Rutendo Nyeve
THE 2026 SADC Sustainable Energy Week conference has seen formal business sessions concluding on Thursday afternoon with an overall assessment of the region’s energy challenges, identifying inadequate funding, poor transmission infrastructure, and policy fragmentation as major obstacles to development.
Hosted by the Ministry of Energy and Power Development from 23 to 27 February under the theme: Driving Regional Economic Growth Through Clean Energy and Energy Efficiency, the conference brought together Member States, regional bodies, and international partners.

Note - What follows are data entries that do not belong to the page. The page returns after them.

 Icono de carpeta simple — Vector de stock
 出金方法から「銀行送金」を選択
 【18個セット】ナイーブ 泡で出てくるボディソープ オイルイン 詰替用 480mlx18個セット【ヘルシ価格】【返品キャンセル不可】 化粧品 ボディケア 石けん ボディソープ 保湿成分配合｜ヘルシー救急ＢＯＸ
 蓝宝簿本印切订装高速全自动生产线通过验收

“The Conference observed that the following main challenges of sustainable energy in the SADC region that are similar remain constant as observed in 2025
These include the reality that substantial financial resources are required for energy hard infrastructure projects, while the region continues to grapple with inadequate transmission capacity,” reads the official outcome statement.

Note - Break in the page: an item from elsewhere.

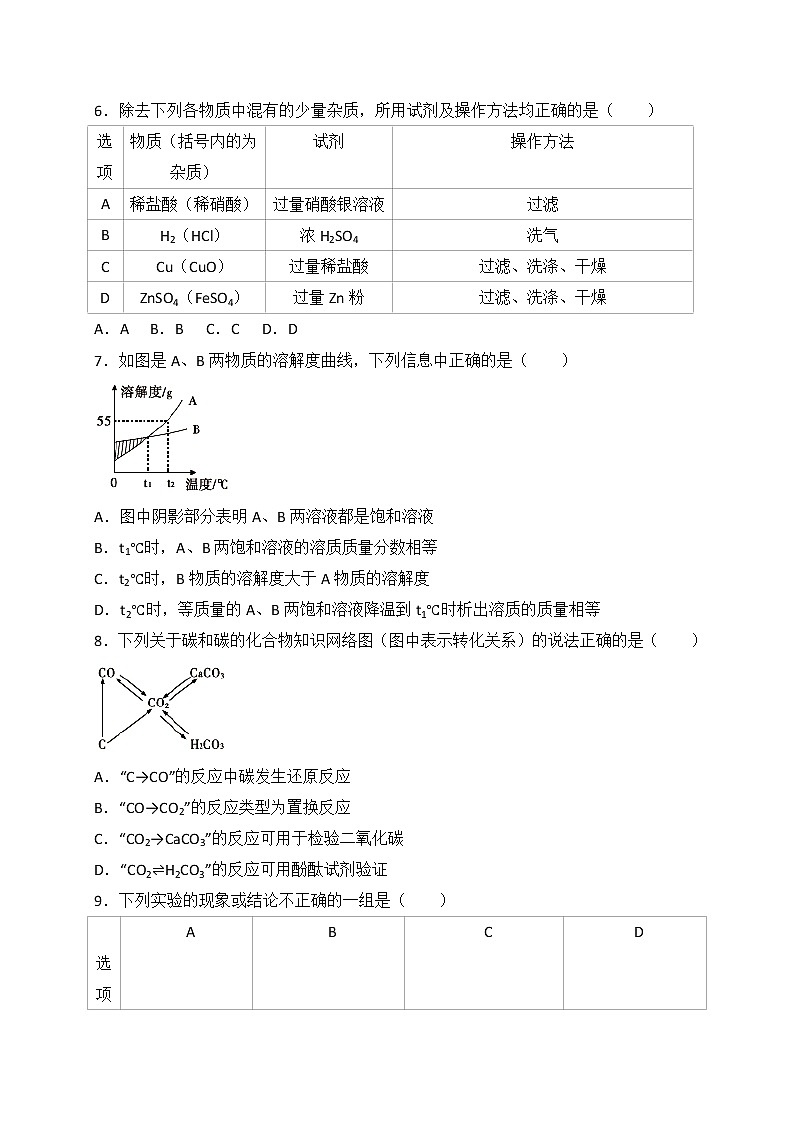 新疆乌鲁木齐市2018年中考化学试卷+答案+解析第2页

The statement further notes that access to electricity in SADC region is still low in rural areas, with fragmented regional collaboration on policy harmonisation, limiting cross-border trade and investment as a major impediment.

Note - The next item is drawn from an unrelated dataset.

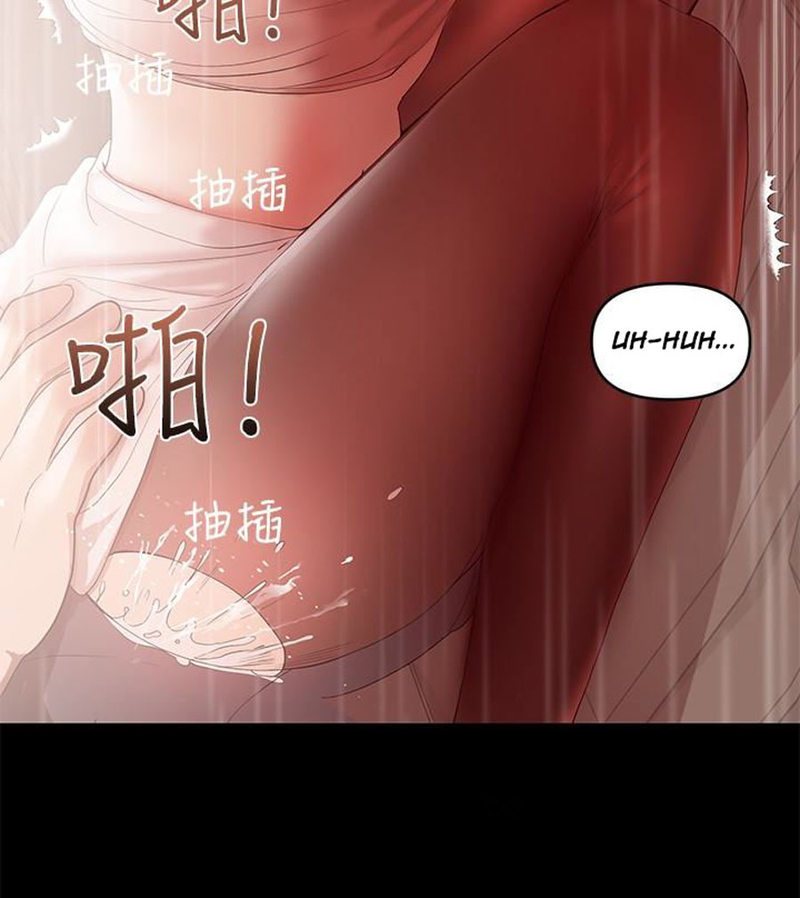 A Baby’s Nest chapter 9 page 38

Delegates proposed concrete solutions to these challenges, recommending that participants facilitate implementation all the Memoranda of Understanding/Agreements, decisions and resolutions taken at regional events and convert them into timebound deliverables without further delays.
“A key priority is to expedite development of the Angola-Namibia, Malawi-Mozambique and Tanzania-Zambia interconnect project to enable power trading through SAPP grid by all mainland Member States,” reads the statement.
On electricity access, delegates resolved to accelerate access to energy (electricity) to reach universal access by 2030 through different approaches such as mini-grids and solar rooftops, in line with global and continental targets.
Member States were urged to review and harmonise policies and regulations to allow private sector to participate in development of energy projects from generation/upstream transmission/midstream, and distribution/retail as well as energy storage.
“There is need for the adoption and harmonisation of Energy Efficiency (EE) standards and labelling initiatives and prioritize financing of EE as a ‘first fuel’
“Delegates called on Member States to consider electrification of the transport sector and harmonisation of charging standards for electric vehicles for the SADC region in collaboration with the Ministries responsible for Transport,” reads the statement.
On the energy trilemma, the statement urged Member States to intensify policies and budget allocation on increase energy access taking into consideration the three corner pillars of energy security, energy equity, and environmental sustainability.
The conference endorsed National Energy Compacts as a delivery mechanism, urging 11 Member States including Zimbabwe to expedite the implementation of the approved national energy compacts.
Development partners were commended, with the statement recommending that participants commend the World Bank Group, African Development Bank and their Partners in providing technical support and spearheading resource mobilisation.